To be clear, I don't think it matters if there would be a swift one or not, nor do I know if there will be.

What matters is that it is likely that one or some repositories are likely to be "default", be it the github one, a swift one or some other community maintained one (e.g. "Sundel's favorite packages" :wink:).

I'm just drawing the parallel/potential to maven central at some default existing, while the entire system is completely distributed. If you don't like maven central, you can not use it at all, as is true with repositories here as well.

Pretty much, since it could be that "good default".
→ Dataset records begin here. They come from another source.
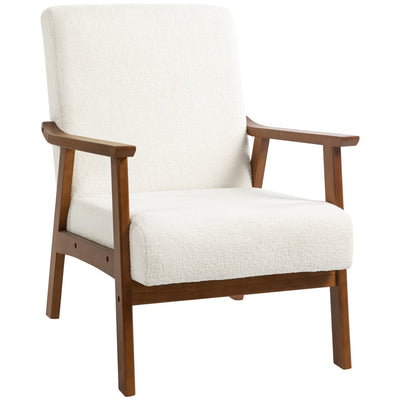 HOMCOM Boucle Seat Mid Century Accent Chair - White 
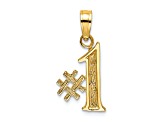 14k Yellow Gold Textured #1 pendant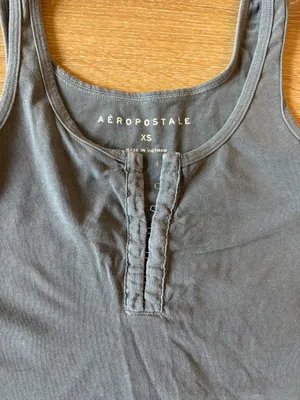 Dusty Blue Henley Tank Top thumbnail 2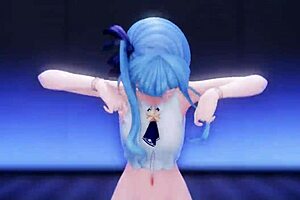 Anime babe Suisei strips and gets clothes ripped in this hot scene by Kiido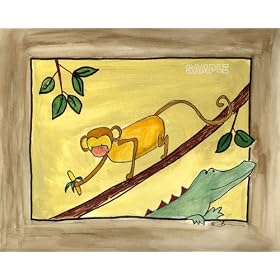 Brown Monkey Aligator Down Under a Day At the Zanibar Zoo 11 X 14 Art Print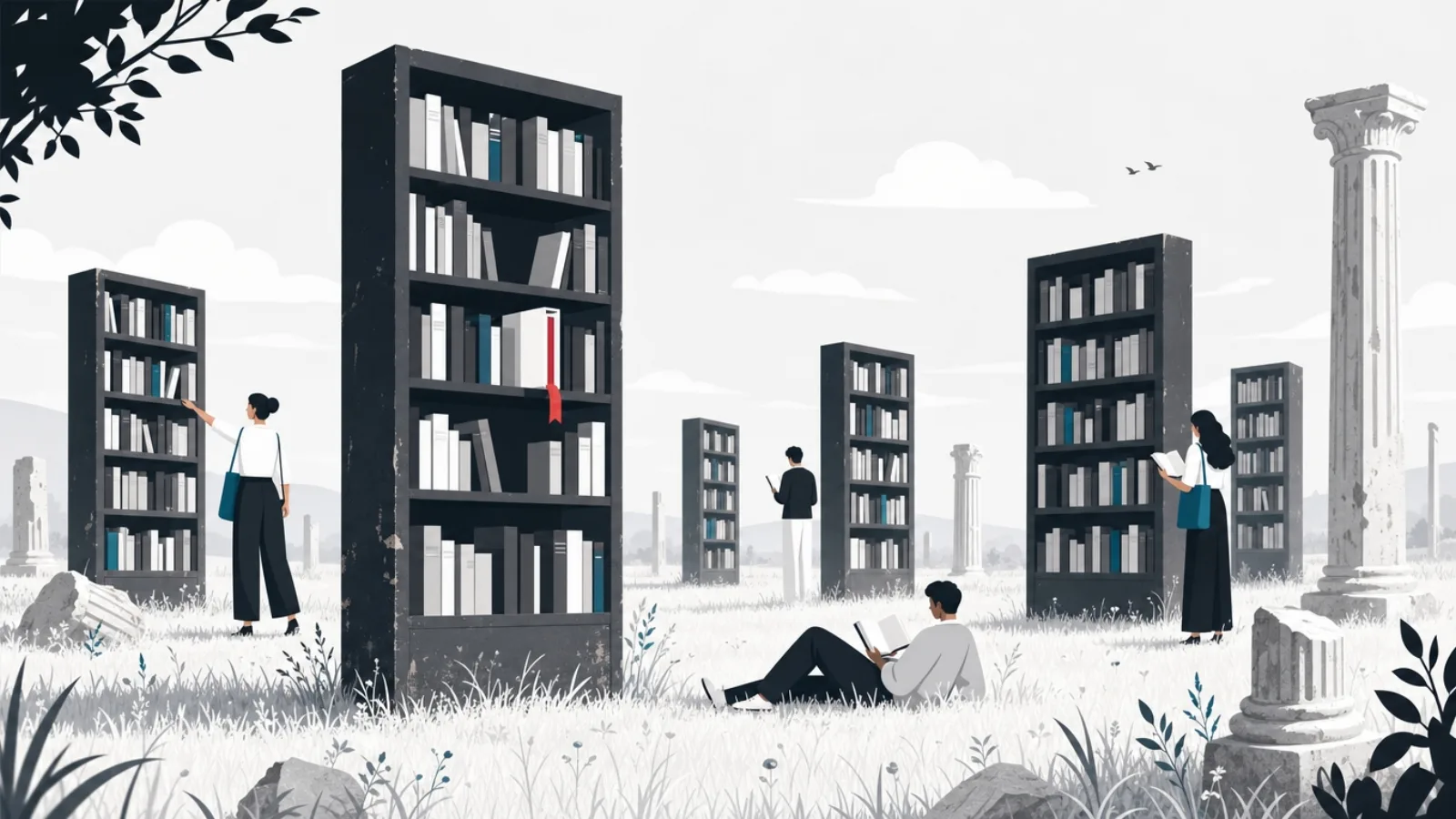 Figures freely browsing tall wall-less bookshelves standing in an open meadow, one reading in the grass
There is no "top" in the model at all. Everything is completely and fully distributed and repositories are "equal", other than how the user decides to configure them (e.g. order in configs might matter). There are "good defaults" and it does not mean that it is in any way "the one and only authoritative source of identifiers".

4 Likes

It seems odd to me to describe a system with a de facto authority as “fully distributed”, but whatever. I don’t think allowing an authority to organically arrive at some point in the future is a good idea. The registry proposal doesn’t envision such a future, GitHub doesn’t seem to want such a future, and the community won’t be best served by such a future.

2 Likes

Sure it is - a shared default does not mean a system isn't distributed/decentralized, because you can always choose to not use the default and use whatever you want instead.
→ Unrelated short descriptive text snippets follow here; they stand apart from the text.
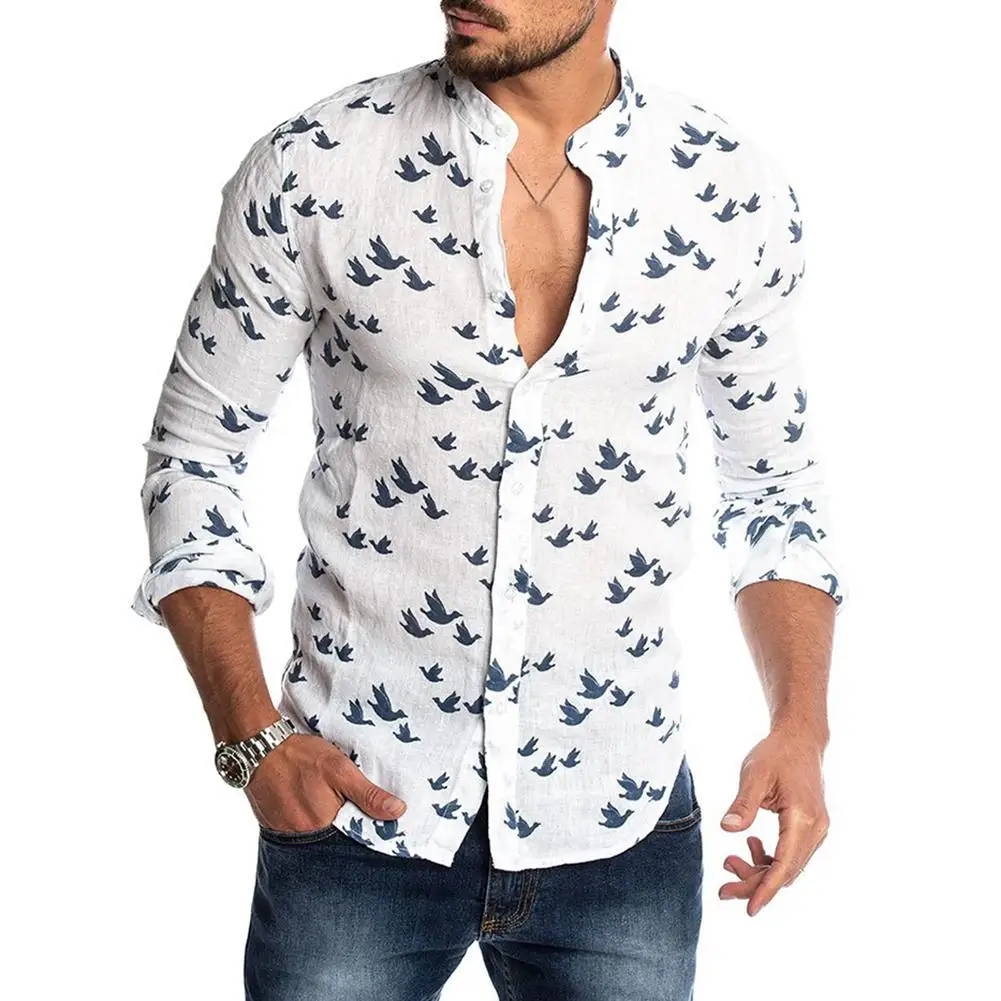 

Spring Autumn Casual Men Print Buttons Long Sleeve Top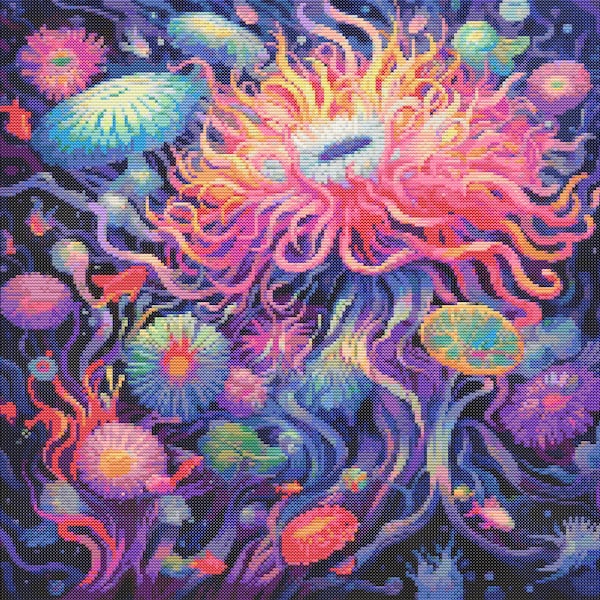 Colorful Sea Anemone 3 Cross-Stitch Pattern Digital Download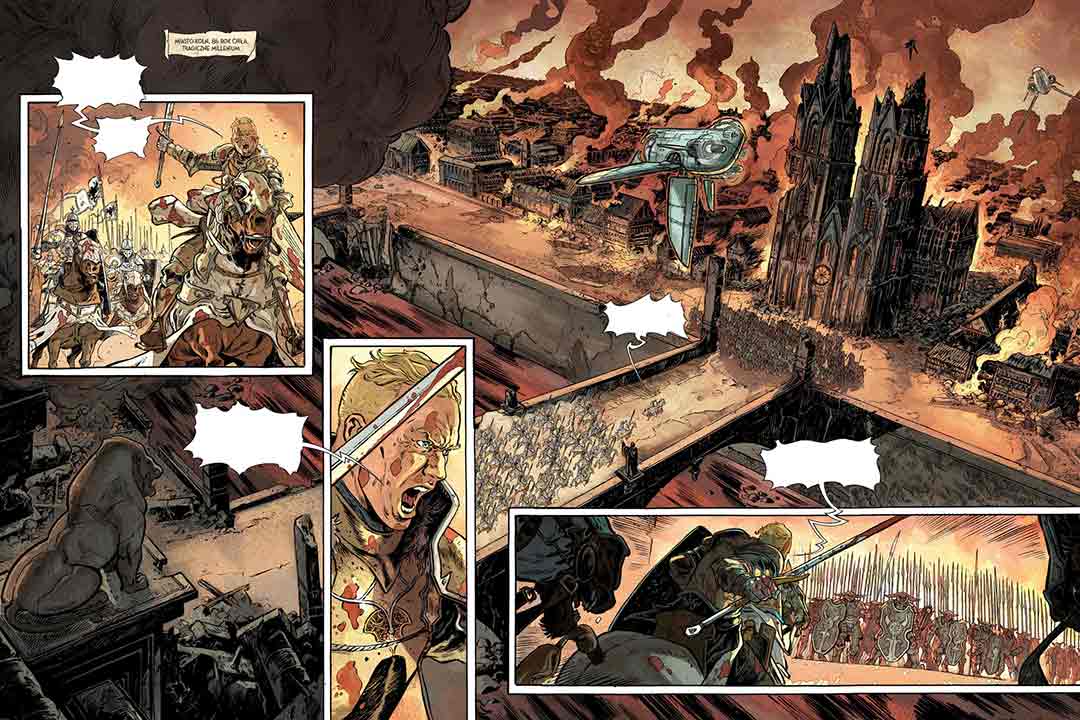 Strona z komiksu Hawkmoon tom 1 Czarny klejnot, Bitwa pod Kamargiem.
This is in the same way git is distributed: even though most people use github as their upstream, nothing mandates doing so. And at any point, without contacting github, you may decide to move upstream somewhere else and just start doing that.

Anyway, we derailed from the core discussion so let's get back to that :slight_smile:

5 Likes

@johannesweiss @tachyonics I think you both identify some important points. However, we appear to be reaching different conclusions, and I'm not sure if it's due to disagreement or misunderstanding on one or more points.

To help identify where we disagree, here's my understanding of your concerns and my responses to them. Please tell me if I've mischaracterized your positions or if you have any objections / questions to my points:

"What if a mirror redirects github.com to mailicio.us?"

Swift Package Manager lets you override the location of packages with mirrors (SE-0219). This allows developers to point external dependencies to forks across the dependency graph. As you've identified, the trade-off is that it introduces context for understanding where a dependency is located.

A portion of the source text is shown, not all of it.